Dans ce chapitre, Clausewitz s'interroge sur la valeur des exemples, et leur caractère démonstratif. Rappelons que ce Livre II constitue la démarche épistémologique qui fonde l'approche de CVC. Ce chapitre est le dernier du livre.

1/ Car l'exemple est souvent assimilé à la preuve. C'est le cas dans les sciences dures, ce que rappelle CVC : "Les exemples historiques rendent tout plus clair. Dans les sciences empiriques, ils apportent les preuves les plus solides" (p. 164). La question induite est la suivante : un exemple, dans une "science" comme la stratégie, a-t-il valeur de preuve?

2/ CVC a tendance à considérer que l'exemple historique est une preuve : car "il n'est pas de science empirique, y compris la théorie de la conduite de la guerre, qui ne puisse toujours agrémenter ses raisonnements d'exemples historiques. Les démonstrations n'en finiraient plus" (p. 166)

Clausewitz démonte bien le mécanisme : à la guerre"quand une manière de faire a été efficace, on l'utilise à nouveau.
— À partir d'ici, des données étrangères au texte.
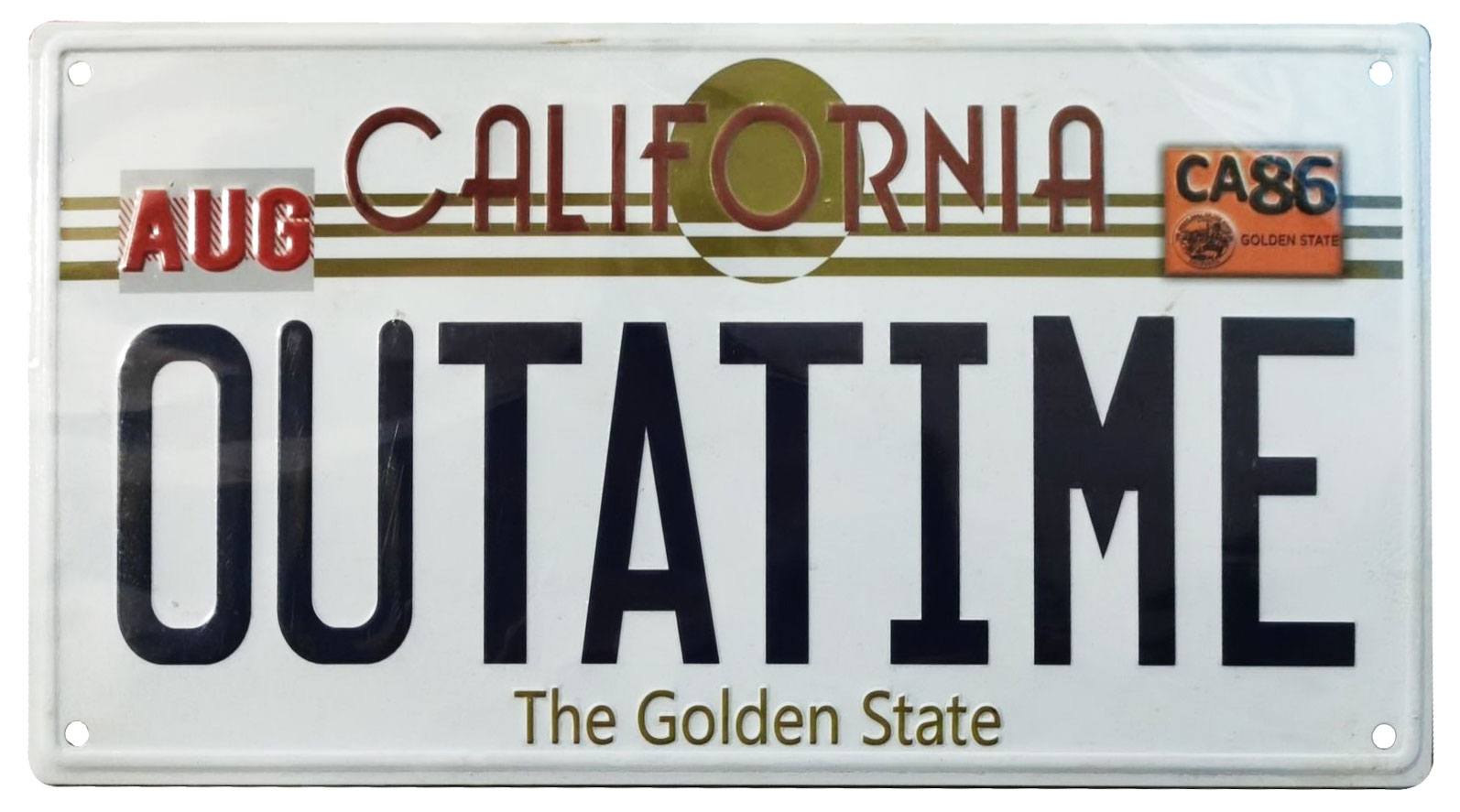 Zurück in die Zukunft Me­tall­schild ´Outatime´ DeLorean Nummernschild Image 1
L'un imite l'autre (...et cela) finit par prendre place dans la théorie". "Au contraire, quand il faut s'appuyer sur l'expérience pour déraciner un vieil usage (...) il faut puiser des exemples dans l'histoire pour servir de preuves".

Ainsi, l'exemple serait une preuve, utile aussi bien pour construire la théorie que pour la réfuter (et l'améliorer).
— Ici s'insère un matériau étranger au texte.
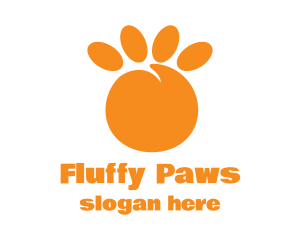 Orange Peach Paw logo design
3/ CVC distingue ainsi quatre utilisations de l'exemple historique : - celui qui explicite l'idée

- celui qui applique l'idée et permet de détailler les effets, et permet de lier la théorie à l'expérience

- celui qui appuie une thèse et qui permet de constater "qu'un fait ou un effet est possible"

- celui qui, par la représentation détaillée d'un événement, permet de tirer une doctrine.

J'avoue que cette catégorisation me paraît obscure.

4/ Au final, on remarquera le souci de la preuve chez Clausewitz, et le souci de théoriser cette preuve. A nos yeux d'homme du XXI° siècle, tout cela paraît bien sûr un peu pauvre. Karl Popper a permis des avancées certaines en ces matières.

5/ Pourtant, malgré les limites de ce chapitre, on sait gré à Clausewitz de l'avoir écrit et d'avoir conçu ce livre II qui traite de la théorie. Car je ne suis pas sûr que beaucoup de nos stratèges, civils ou militaires, aient profondément réfléchi aux conditions de véracité de leurs arguments. Il est très facile d'argumenter, mais il est infiniment plus difficile de prouver. Notamment dans ces disciplines humaines, où l'empirisme (et donc la reproduction de l'expérience) est extrêmement difficile.

Il semble d'ailleurs qu'une des conditions du succès soit justement la méditation sincère par le chercheur des conditions épistémologiques de sa recherche.

En cela, Clausewitz est une fois encore prophète. Nul doute que le génie de ses réflexions ne soit dû, aussi, à son inquiétude épistémologique.